After a five year hiatus Ethan Hunt is back on the big screen familiarly portrayed by Tom Cruise. Director Brad Bird is perhaps best known for his considerably successful animation films, like The Incredibles and Ratatouille. This affinity with animation is clearly visible in for example the title sequence of Ghost Protocol. But is it any good after that?
Mission Impossible starts with Ethan Hunt being broken out of a Russian prison by former IMF team members. It is immediately apparent during this sequence that the movie leans considerably on funny moments as well as pure action. The main villain Hendricks and his objectives quickly become crystal clear, and naturally Hunt has to stop him. However, he and his team lose support of the IMF after they fail to stop Hendricks at the Kremlin. This is when the ‘Ghost Protocol’ becomes active and the team goes underground to chase down Hendricks and stop him from unleashing a devastating nuclear war. So far nothing that we haven’t seen before. However, especially with a fairly predictable and straightforward plot, it can be hard to get the rest right.

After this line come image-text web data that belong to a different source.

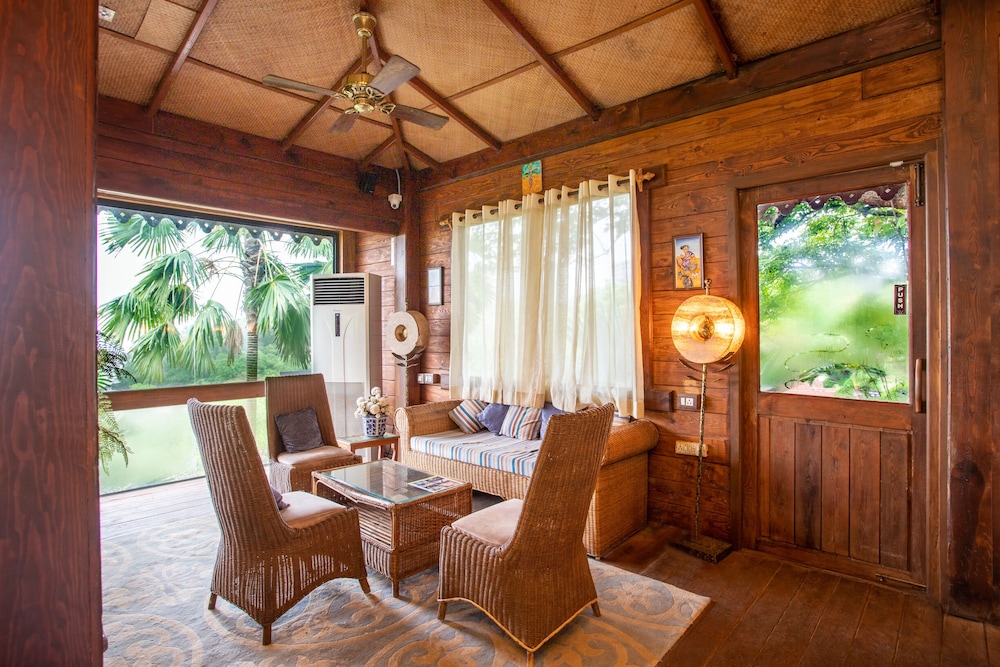 Stonewater Eco Resort 29/50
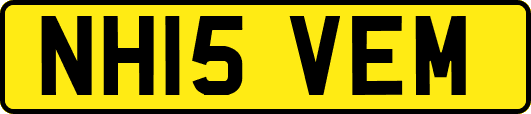 NH15VEM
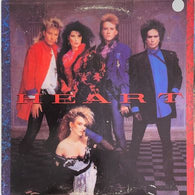 Heart – Heart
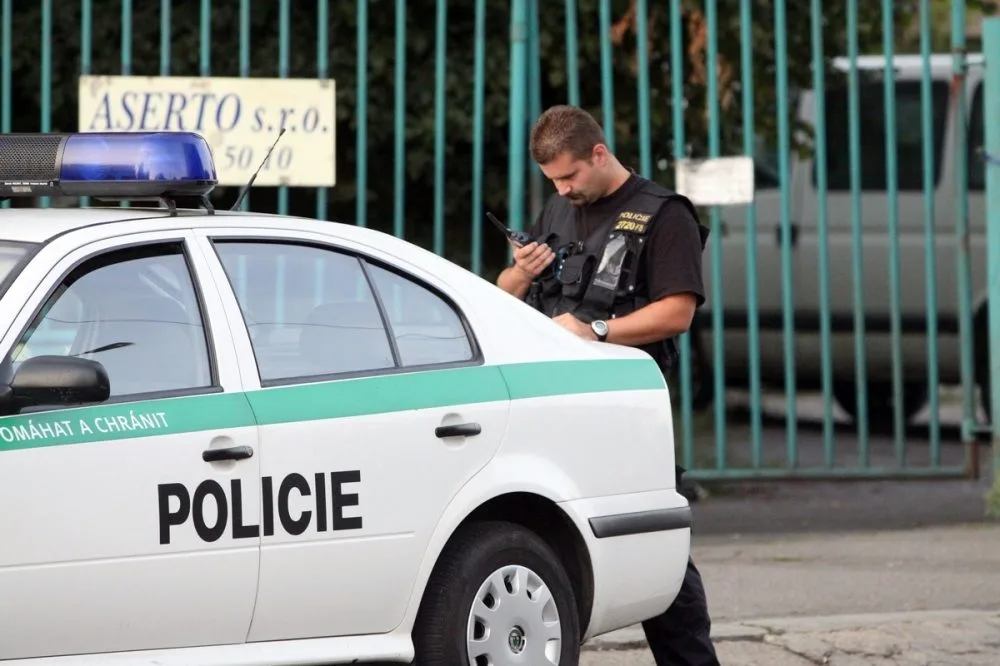 policie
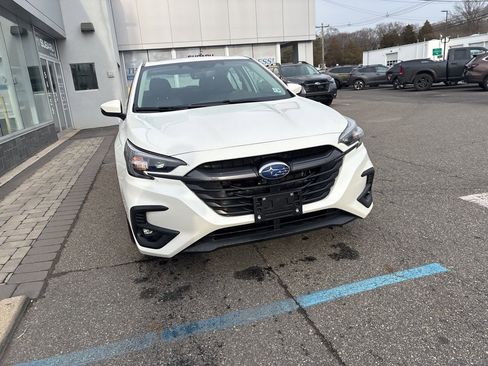 Certified 2025 Subaru Legacy Limited image 4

Luckily Ghost Protocol is extremely well paced with enough variation to continually command attention. Simon Pegg delivers a good supporting role as the light-hearted Benji, providing all kinds of cool technical gadgets that would make even James Bond’s Q jealous. Jeremy Renner’s character also makes for a good companion to Cruise’s lead. Spectacular views and excellent cinematography make Mission Impossible IV a visual treat. If there’s any criticism: the movie sometimes tends to overplay its comical hand, for example in some of the scenes situated in India.
Mission Impossible IV is over-the-top, and not particularly deep or original. Nevertheless, the filmmakers have managed to create a light and humorous action flick with good technical execution: a treat for any movie goer. Recommended!